# Snow camo



## Younghunter4 (Dec 22, 2011)

Is it a waste of money to buy a snow cover for your layout blind or Willa white sheet pinned on work the same?


----------



## Ndwildman (Dec 7, 2011)

as far as i herd you can buy fake snow as in the stuff u spray on christmas trees and windows. and u spray that on and the u ccan just wipe it off


----------



## Kelly Hannan (Jan 9, 2007)

if you have alot of snow buy a cover. If it is just a dusting use the spray. Sheets have a bad habit of looking blue in the sun, and don't do well in uv conditions.

Rogerssportinggoods has a really good cover for a good price. It will not be a bright white, but will work great.

Walmart in my area has snow spray for 50% off, .80 a can I bought a bunch


----------



## Kelly Hannan (Jan 9, 2007)

ps- keep the cans warm or they won't spray


----------



## Nick Roehl (Mar 7, 2002)

It's much better to buy a snow cover. They slide on fast and look great, unless you like messing with 25 cans of crap that doesn't stick on for chit! :lol:


----------



## Horker23 (Mar 2, 2006)

Like kelly said. If you hunt snow alot go with the cover, if you hunt a dusting of snow a year by a boat load of snow spray!


----------



## Younghunter4 (Dec 22, 2011)

Thanks a lot for the help!


----------



## Nick Roehl (Mar 7, 2002)

Another good tip is to just buy a used blind and spray it white. That way if there isn't much snow one year you can spray it up to match conditions.


----------



## cut'em (Oct 23, 2004)

Nick Roehl said:


> Another good tip is to just buy a used blind and spray it white. That way if there isn't much snow one year you can spray it up to match conditions.

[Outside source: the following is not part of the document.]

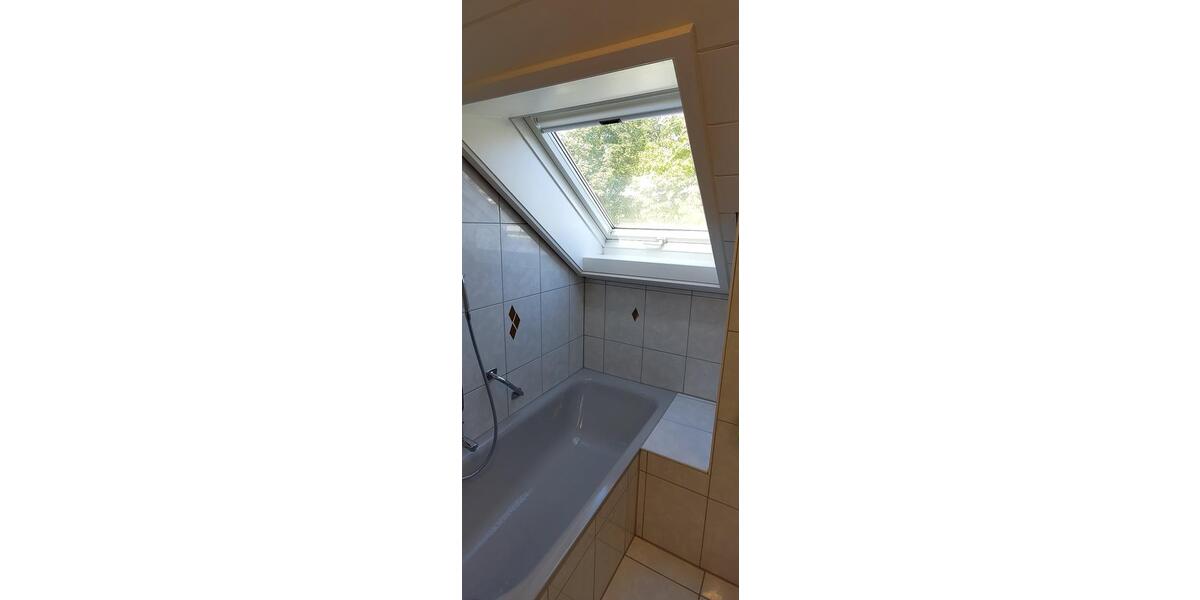 Dachgeschoßwohnung Stuttgart Fasanenhof-Ost - 3 Zimmer, 78 m&sup2;, 369.000&euro; | Angebot:26399776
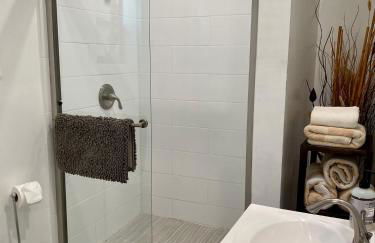 Guest suite near La Cienega Park Beverly Hills next to LACMA La Brea Tar Pits Peterson Museum and Academy Awards Museum - Foto 8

I did that and I'll tell you what my finishers sucked up 12 cans of white paint and didn't even look like they were touched. I still don't know where the paint went I watched it suck right into the material! I ended up using a gallon of paint and a brush. even then it took three coats to cover. But now I've got blinds in the trailer that are ready to go if it ever snows this year in NY.


----------